いえ、あの忌まわしい事件については忘れよう。うん。
そんなわけで、同じクラスだったり、科目が同じだったりする攻略対象すら影も形もない……。
しかし、前世の経験で培った圧倒的な精神力のお陰で、多少のことではへこたれない私。
よーし、いないならば休み時間とか放課後に、攻略対象達を探しに行っちゃうぞ☆と思ったものの……。
またしても問題が起きた……いえ、正確には出題されたのだ。
「入学して数日なのに、課題が一つ二つ三つ四つ……」
途中まで数えた私はそれをやめて、無心になってしばらく天を仰いだ。
……いや、なんなのよ!! この課題の量は!? もっと言うと、授業の内容もやたらめったら難しい!!
え、この世界ってこんなにレベル高いの? それとも私が馬鹿なだけ!?
空き時間があったら少しでも勉強しないと、私の頭じゃ全然追いつかないじゃないのよー!!
だってだって私……今生では、しっかり勉強も頑張るって決めてたんだもん。
確かに手を抜くつもりなら、時間は作れる……だけど、そんなことは私のプライドが許さない!!
なので、ちゃんと勉強はします……恋愛はね、その後で頑張る。
ああ、間に合うといいなぁ……。
そんなわけで図書室で勉強している私。
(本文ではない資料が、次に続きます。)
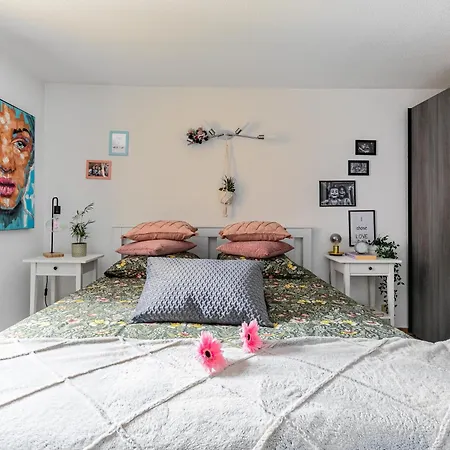 * Loft 3 Pieces/calme, Equipe @ Centre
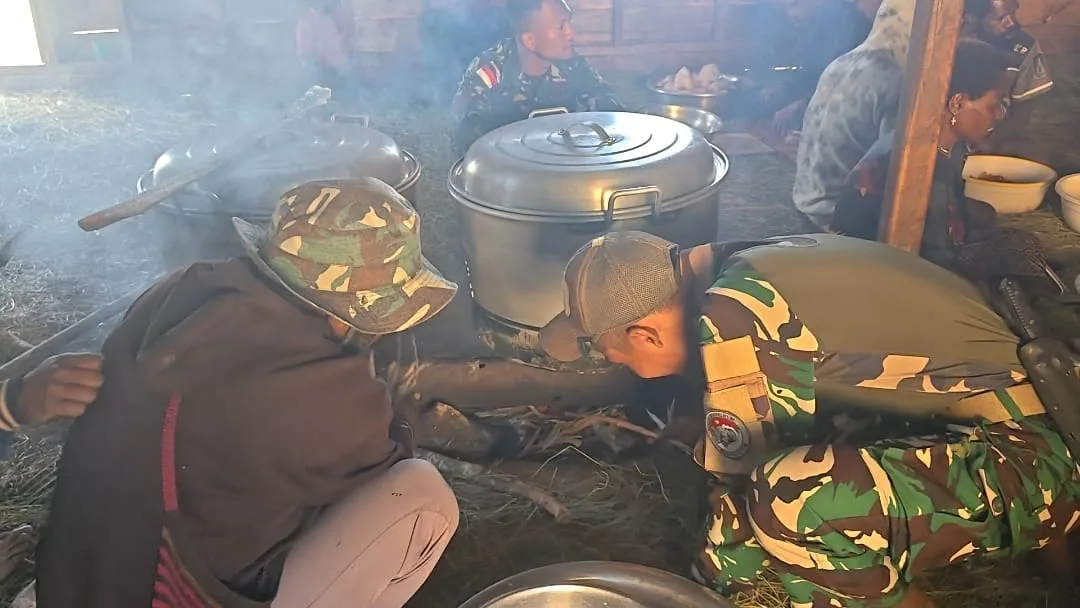 Pos Popome Satgas Yonif 511/DY Gelar Makan Bersama Masyarakat Popome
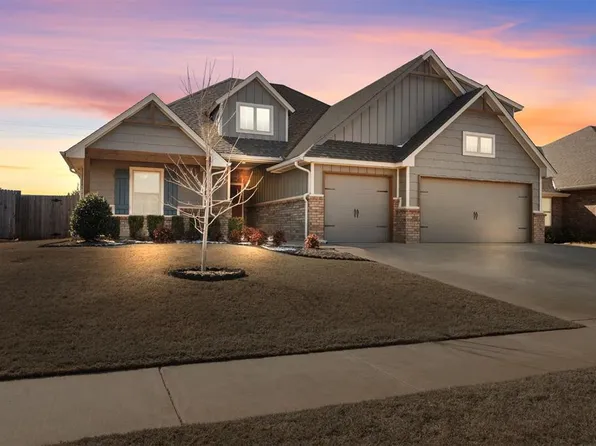 1912 Hobo St, Yukon, OK 73099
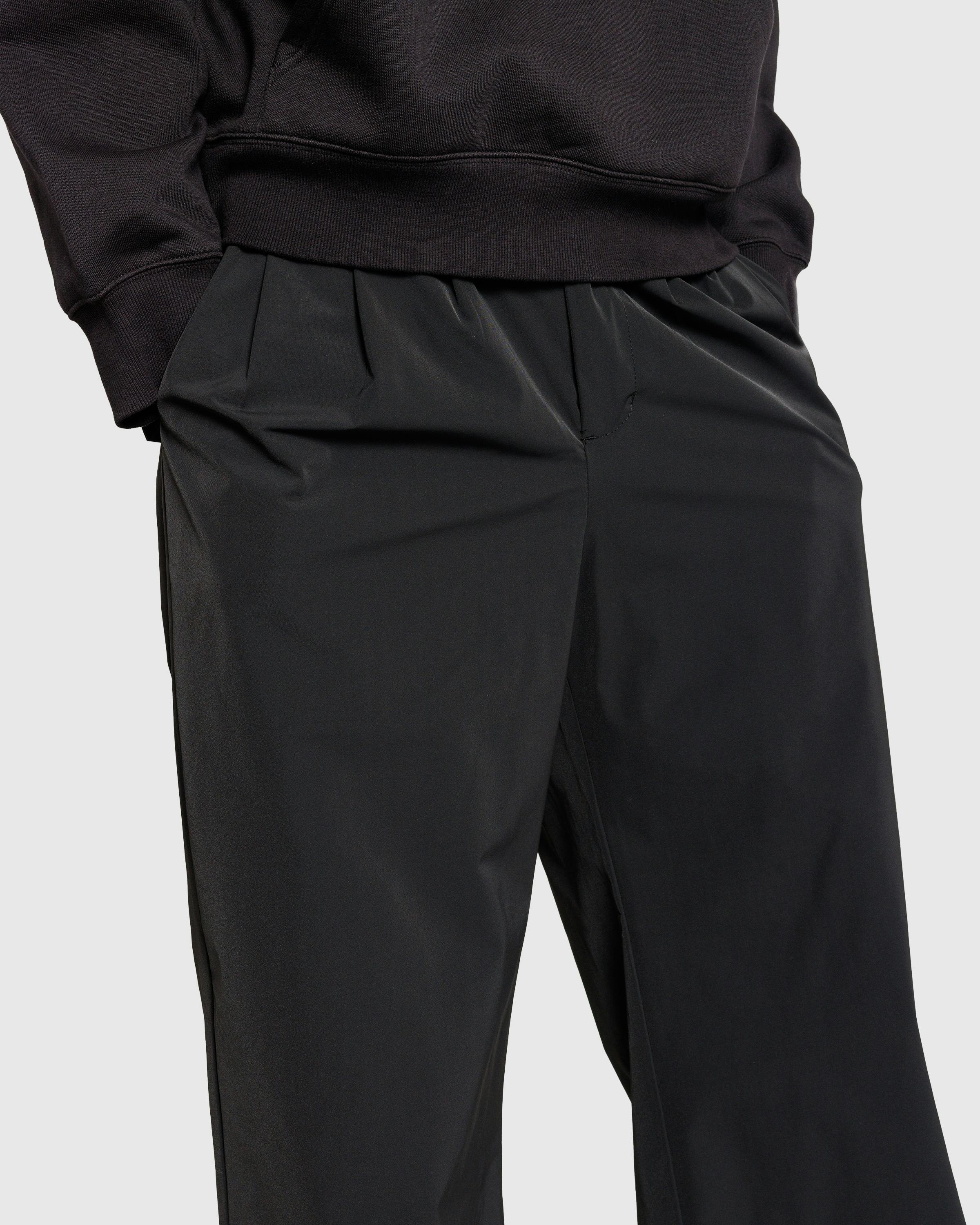 Entire Studios – Cinch Pant Soot - Trousers - Black - Image 4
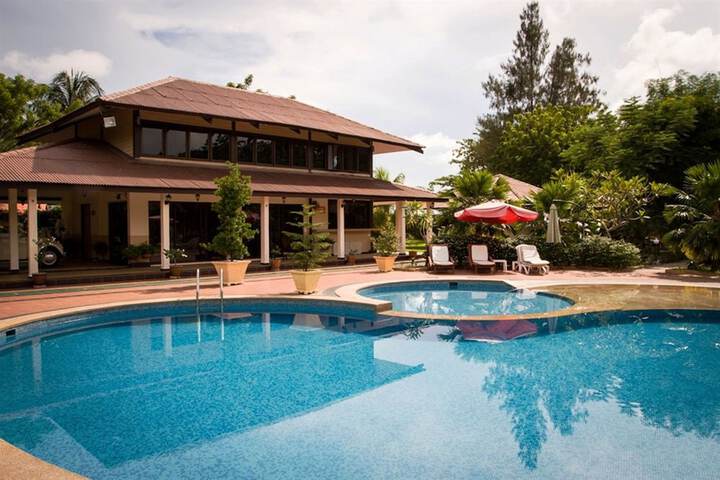Hotel Pool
するとこちらを伺いながらヒソヒソと話す、こんな声が聞こえてきた。
「あら、特別クラスの方が勉強されてるわよ」
「さすが特別クラスの方ね。授業の内容も普通のクラスより随分難しいと聞くけど、その分所属されてる方も勉強熱心なのね」
「…………」
特別クラス……へぇー、私が所属してるのって特別クラスだったんだ。
ゲーム的にいかにも主人公が所属してそうなクラス名だけども、残念ながらゲームをやり込んでいた私が一度も聞いたこともない名前である。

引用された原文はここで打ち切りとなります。